▶ _EXERCISE INPUT_:
↓↓↓
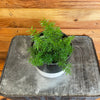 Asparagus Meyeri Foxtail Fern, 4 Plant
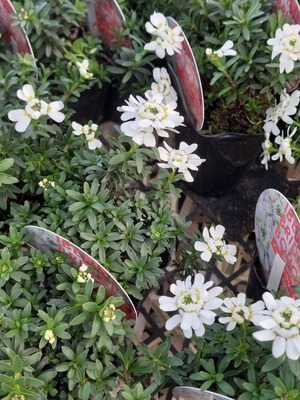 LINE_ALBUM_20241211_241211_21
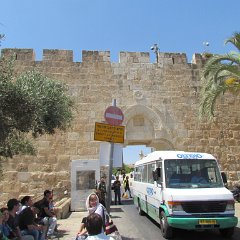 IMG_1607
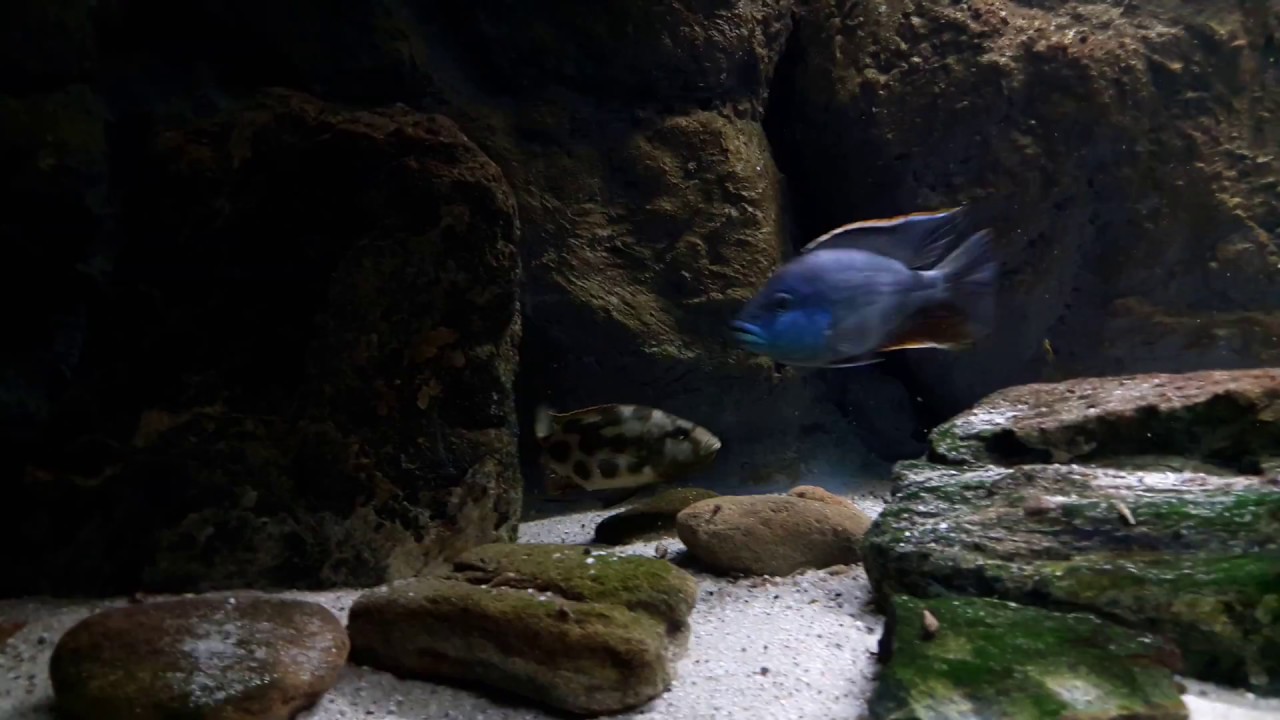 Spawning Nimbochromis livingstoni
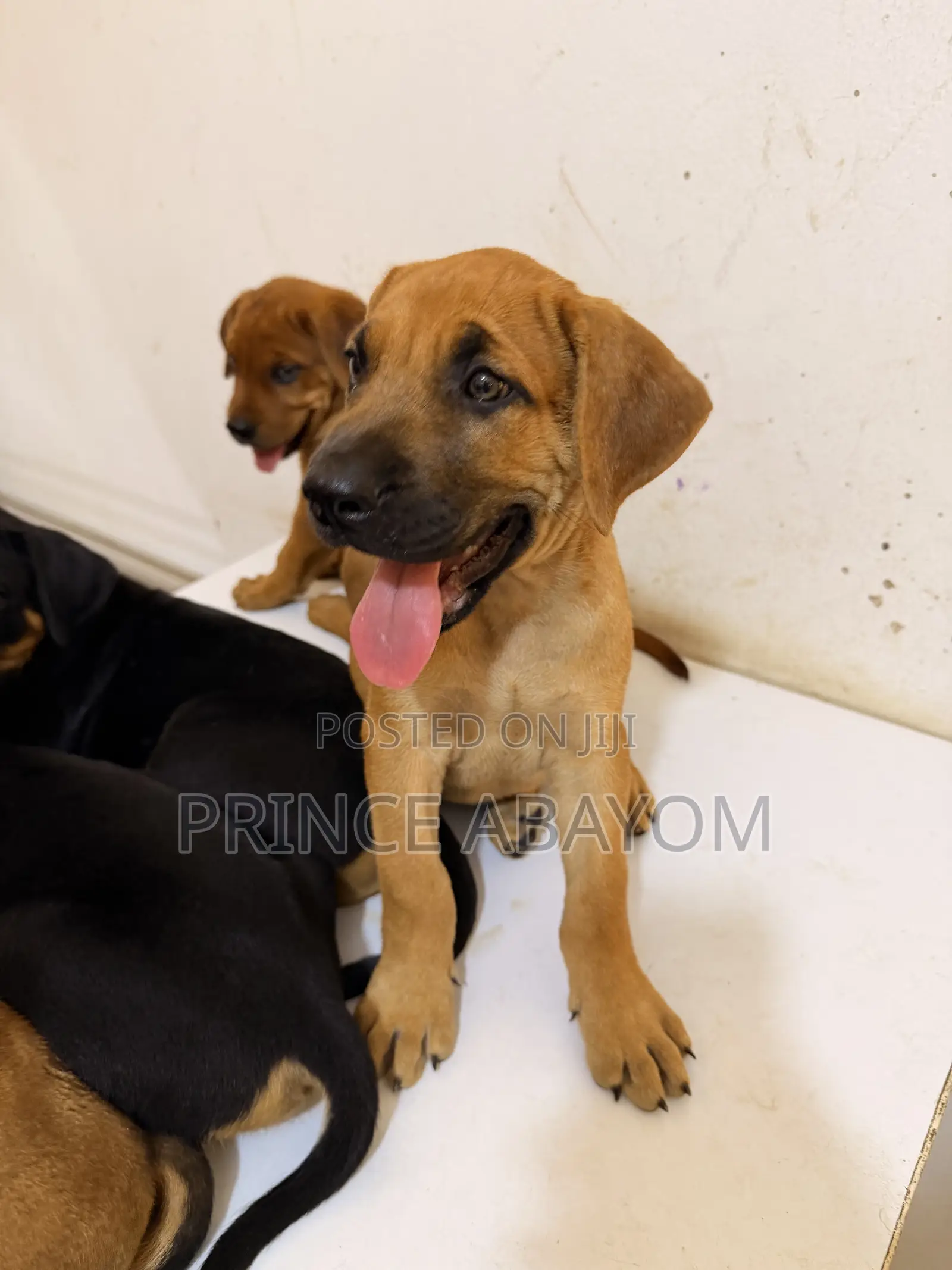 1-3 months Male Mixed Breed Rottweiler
↑↑↑
↓↓↓
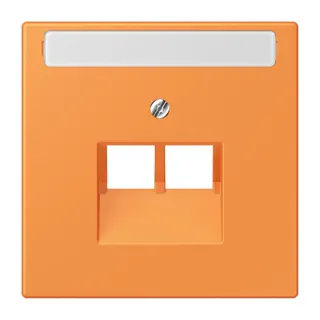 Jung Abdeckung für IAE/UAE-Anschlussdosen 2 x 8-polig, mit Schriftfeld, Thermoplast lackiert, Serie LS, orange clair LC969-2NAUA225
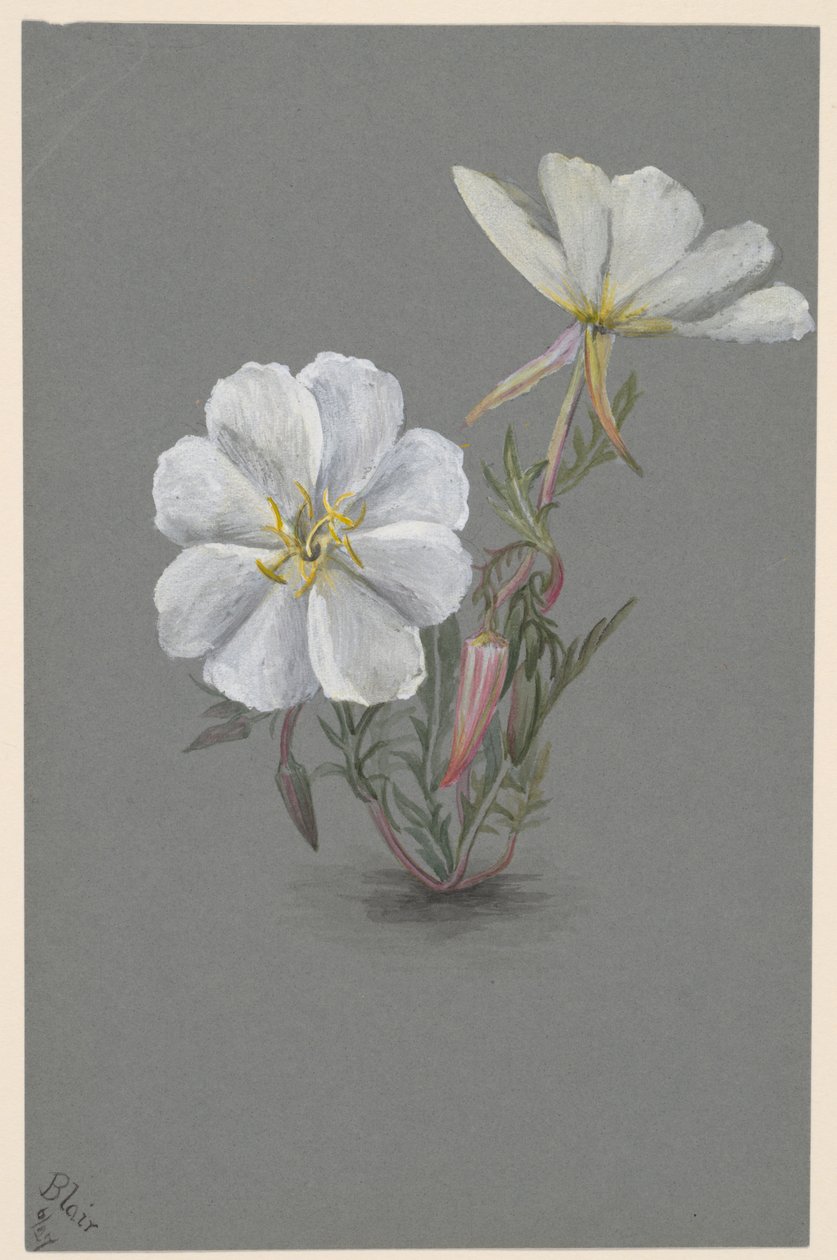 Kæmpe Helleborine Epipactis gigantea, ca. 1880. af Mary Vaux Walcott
↑↑↑
▶ _GOAL OF THE EXERCISE_: Please copy the lines above exactly, starting at the line that holds "Spawning Nimbochromis livingstoni" and ending at the line that holds "1-3 months Male Mixed Breed Rottweiler"; include both, but no pictures.

▶ _ANSWER SECTION_:
 Spawning Nimbochromis livingstoni
 1-3 months Male Mixed Breed Rottweiler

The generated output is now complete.